== PROBLEM DETAILS ==
No line before the one containing "16153 N 250th" is to be output; retype exactly that line and all lines that follow it to the end of the records.

== PROVIDED RECORDS ==
┄┄┄┄┄┄┄┄┄┄┄┄┄┄┄┄┄┄┄┄

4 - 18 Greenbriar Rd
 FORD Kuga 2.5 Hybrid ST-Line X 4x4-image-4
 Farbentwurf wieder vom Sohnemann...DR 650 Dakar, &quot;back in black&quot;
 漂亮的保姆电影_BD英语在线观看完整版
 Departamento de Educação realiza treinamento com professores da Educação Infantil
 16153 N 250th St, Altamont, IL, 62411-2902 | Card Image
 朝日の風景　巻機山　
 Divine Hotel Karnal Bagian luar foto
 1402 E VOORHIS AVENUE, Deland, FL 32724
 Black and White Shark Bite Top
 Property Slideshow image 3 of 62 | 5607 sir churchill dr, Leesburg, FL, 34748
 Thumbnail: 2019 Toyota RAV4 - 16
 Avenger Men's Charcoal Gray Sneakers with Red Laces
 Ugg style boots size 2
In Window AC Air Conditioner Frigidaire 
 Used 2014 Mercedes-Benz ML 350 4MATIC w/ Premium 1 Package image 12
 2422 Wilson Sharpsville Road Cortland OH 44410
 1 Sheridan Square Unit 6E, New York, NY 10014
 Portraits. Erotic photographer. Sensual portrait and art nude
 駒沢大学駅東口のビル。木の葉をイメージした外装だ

┄┄┄┄┄┄┄┄┄┄┄┄┄┄┄┄┄┄┄┄

== EXERCISE RESPONSE ==
 16153 N 250th St, Altamont, IL, 62411-2902 | Card Image
 朝日の風景　巻機山　
 Divine Hotel Karnal Bagian luar foto
 1402 E VOORHIS AVENUE, Deland, FL 32724
 Black and White Shark Bite Top
 Property Slideshow image 3 of 62 | 5607 sir churchill dr, Leesburg, FL, 34748
 Thumbnail: 2019 Toyota RAV4 - 16
 Avenger Men's Charcoal Gray Sneakers with Red Laces
 Ugg style boots size 2
In Window AC Air Conditioner Frigidaire 
 Used 2014 Mercedes-Benz ML 350 4MATIC w/ Premium 1 Package image 12
 2422 Wilson Sharpsville Road Cortland OH 44410
 1 Sheridan Square Unit 6E, New York, NY 10014
 Portraits. Erotic photographer. Sensual portrait and art nude
 駒沢大学駅東口のビル。木の葉をイメージした外装だ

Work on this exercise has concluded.